Luxembourg seized the opportunity of the 2017 budget law adopted on 23 December 2016 to introduce a new Article 56bis in the income tax law (“ITL”), the provisions of which are directly inspired by the revision of the OECD Transfer Pricing Guidelines (the “OECD Guidelines”) published in Actions 8-10 of the final reports of the OECD BEPS project.

This new article sets out the principles and the methodology to be applied as from 1 January 2017 by related entities carrying out intra-group transactions (i.e. so called “controlled transactions”), when determining the at arm’s length prices of such controlled transactions within the meaning of article 9 of the OECD Model Convention.
 
Based on the OECD Guidelines, article 56bis ITL states that the core principle to determine an at arm’s length remuneration for controlled transactions between related parties consists of a comparability analysis, which relies on the two following pillars:

i.     analysing the commercial or financial relations between related parties and determining the economic conditions and economically significant circumstances attached to these relations in order to precisely delimit the controlled transaction; and

ii.     comparing the conditions and economically significant circumstances of the controlled transaction, in a precise manner, with a comparable uncontrolled transaction.

The introduction of this new article seems to be a mere confirmation by Luxembourg that it adheres to the at arm’s length principle as laid down in the OECD guidelines, which are already followed by the administrative practice and the Courts of Luxembourg, was it not that it also prompted the Luxembourg Tax Authorities (“LTA”) to revisit its circular on intra-group financing.

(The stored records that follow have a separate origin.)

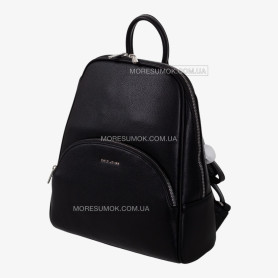 Жіночі рюкзаки CM8428 black Жіночі рюкзаки CM8428 black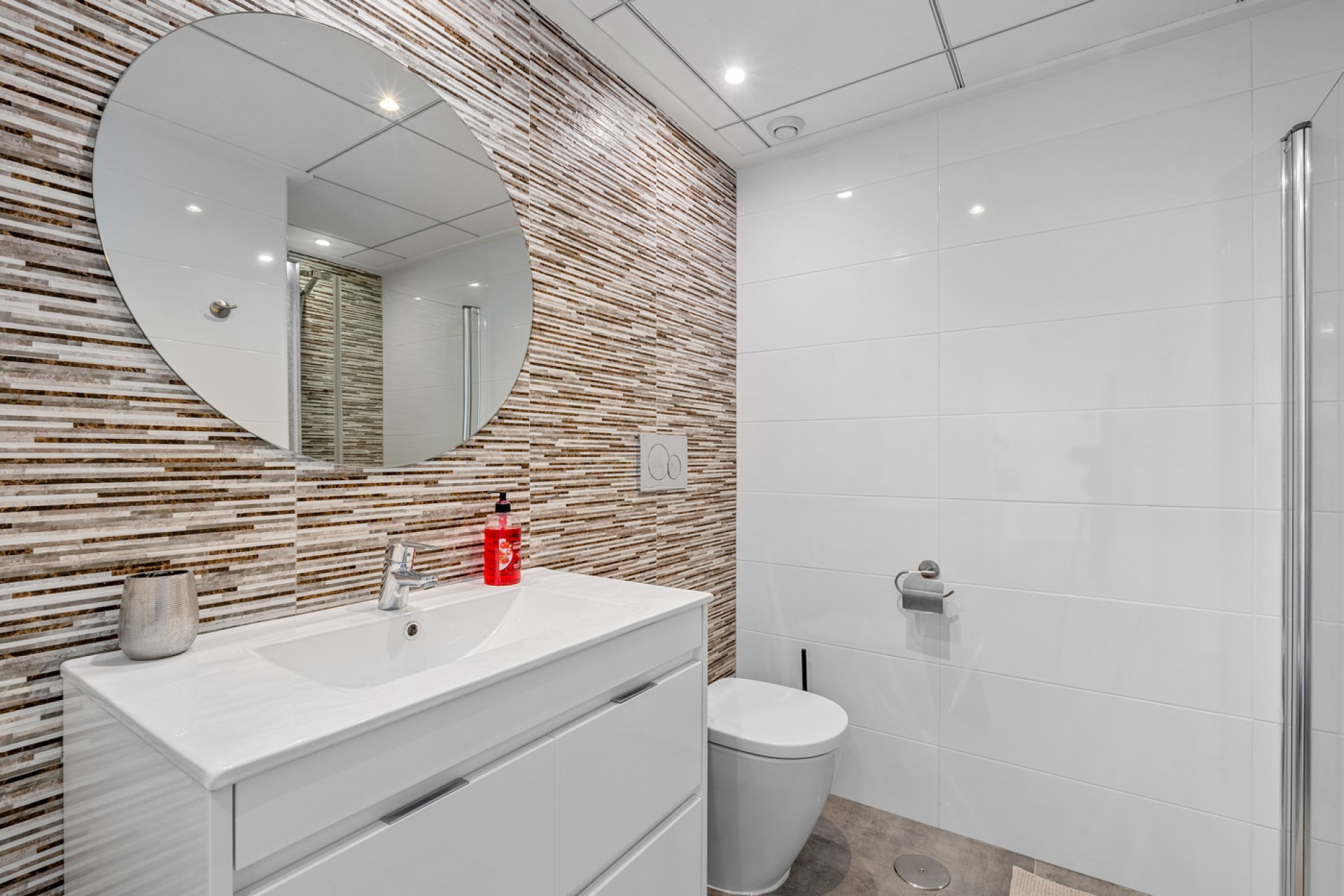 Återförsäljning - Bungalow -
Torrevieja - Costa Blanca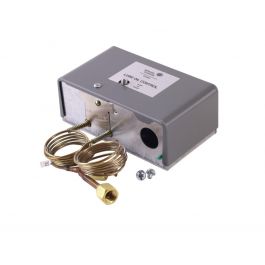 Honeywell V4295A1114 3/4" Normally Closed Solenoid Gas Valve 5 PSI Max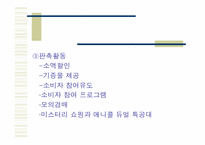 [소비자행동분석] 삼성 `Anycall` 애니콜 전략분석-14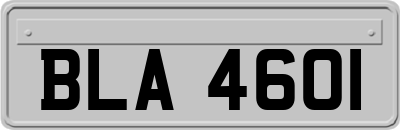 BLA4601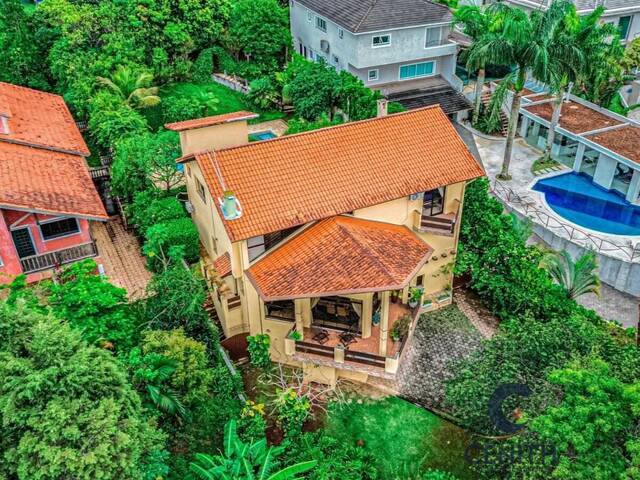 #CEN932 - Casa em condomínio para Venda em Carapicuíba - SP - 3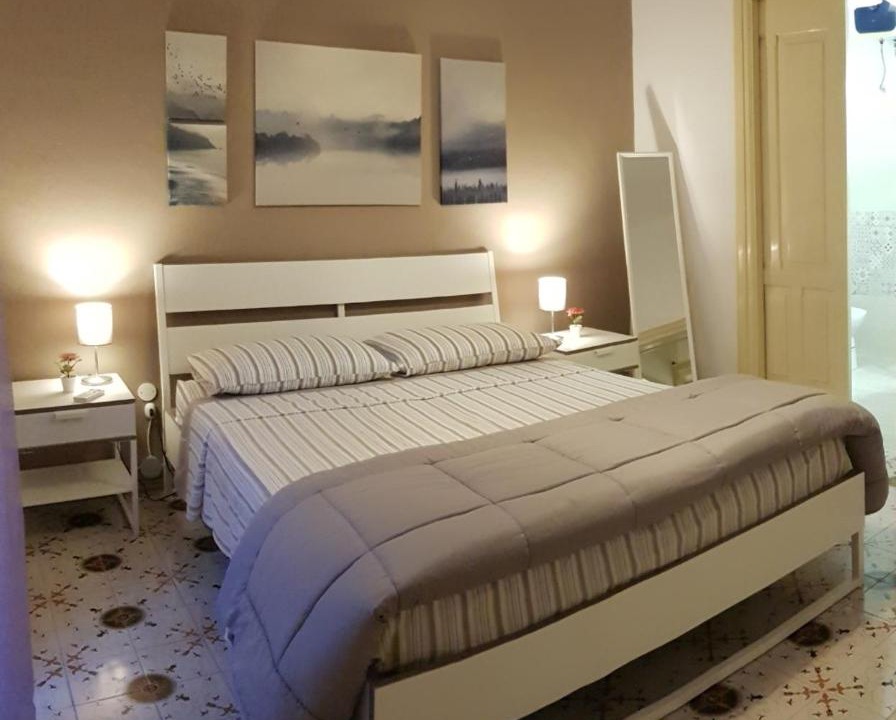 Photo of Bedroom in Palazzolo Acreide Historic Centre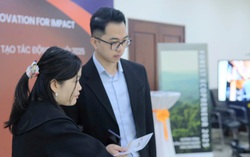 Xây dựng hệ sinh thái cho doanh nghiệp tạo tác động xã hội tại việt Nam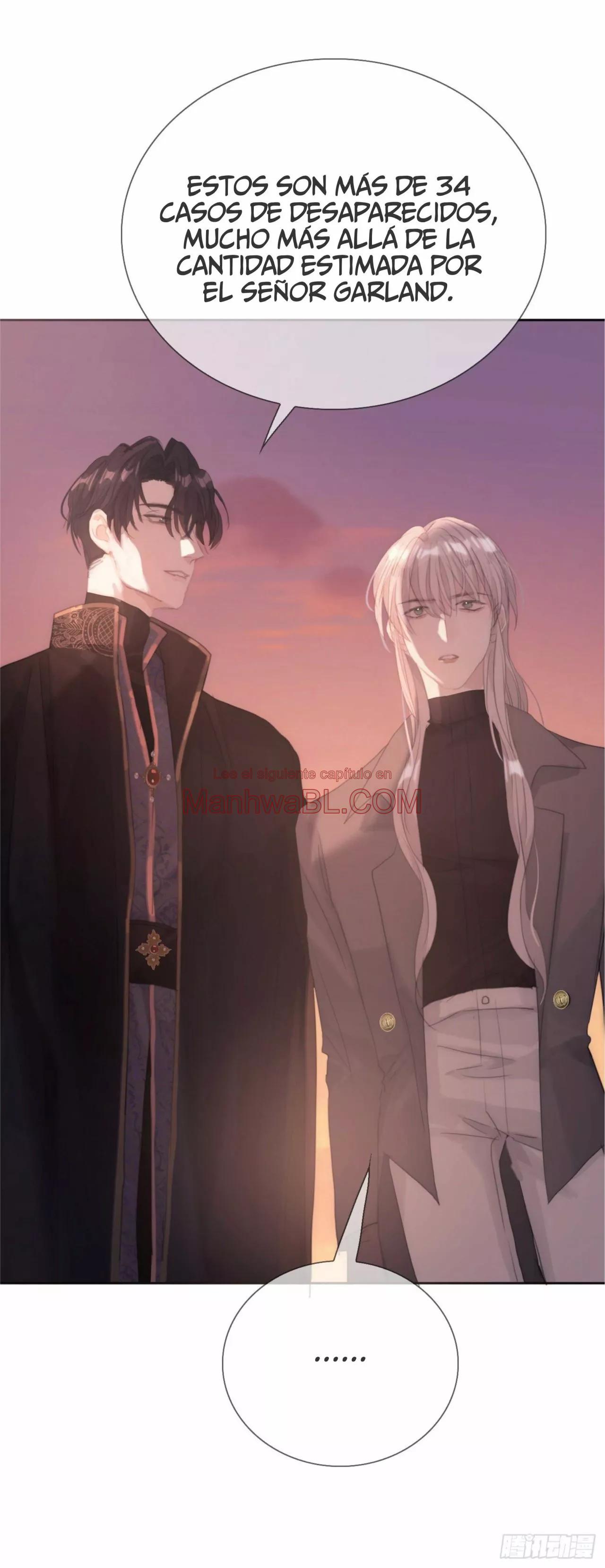Por favor, duerme conmigo - Capítulo 13 2 manhwa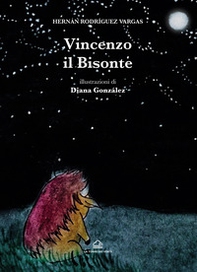 Vincenzo il bisonte - Librerie.coop
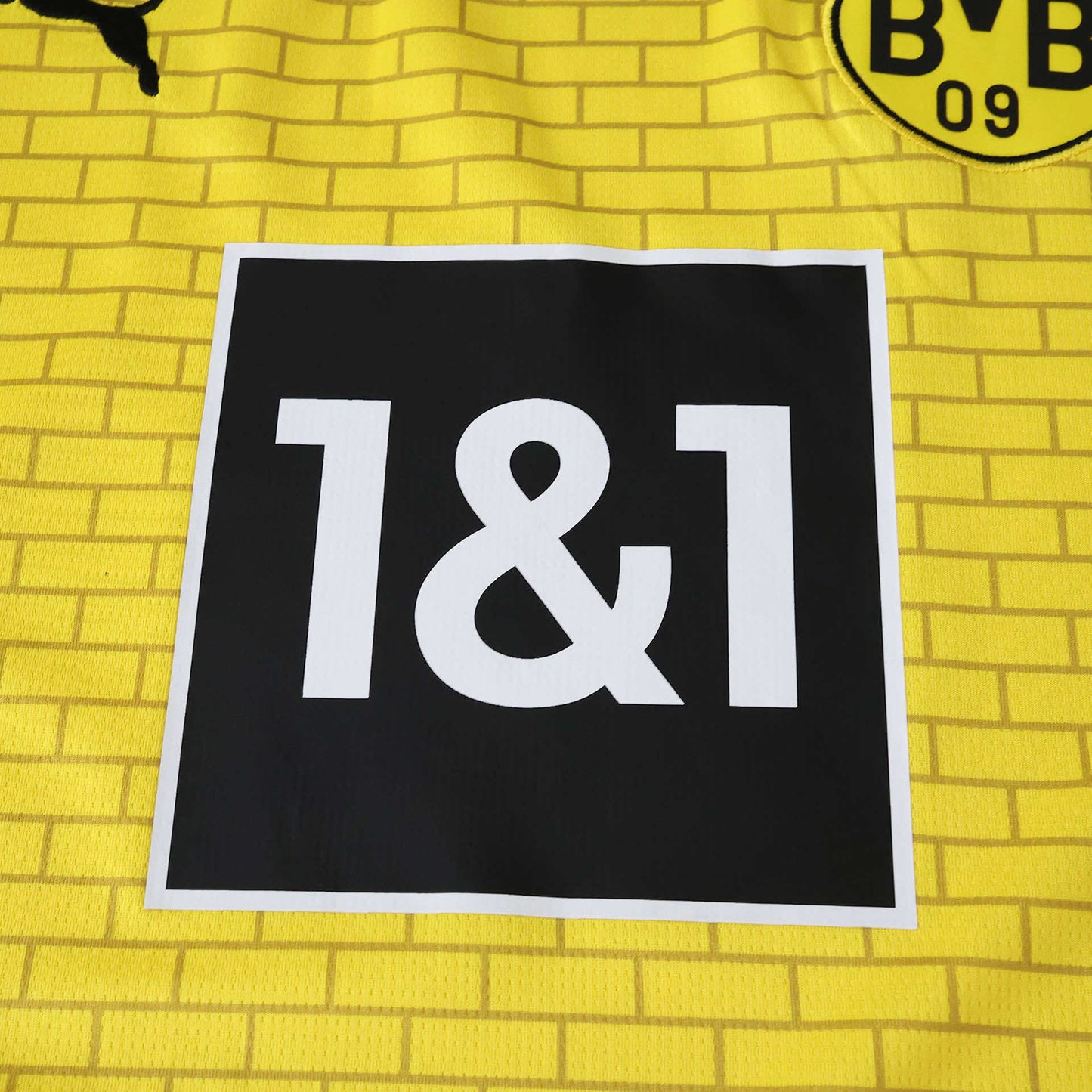 2025/26 Borussia Dortmund Cup Kit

b.     Adoption of a new transfer pricing circular for intra-group financing activity

Hence, further to the introduction of new Article 56bis in the Luxembourg ITL, the LTA issued a new administrative circular L.I.R. n°56/1 – 56bis/1 on 27 December 2016 (the “Circular”) prepared in cooperation with the DG Competition of the European Commission. The Circular has to be read and understood against the background of the Fiat Finance State aid case, in which the previous circulars on intra-group financing are at the heart of the dispute.

The Circular, which has entered into force as from 1 January 2017, sets out a new approach purportedly in line with the newly introduced transfer pricing provision of Article 56bis ITL in the specific context of intra-group financing activity.


 The Circular repeals and replaces the two previous circulars pertaining to intra-group financing activities, namely, circular L.I.R. n°164/2 dated 28 January 2011 and circular L.I.R. n°164/2bis dated 8 April 2011.

Key changes introduced by the Circular are the following.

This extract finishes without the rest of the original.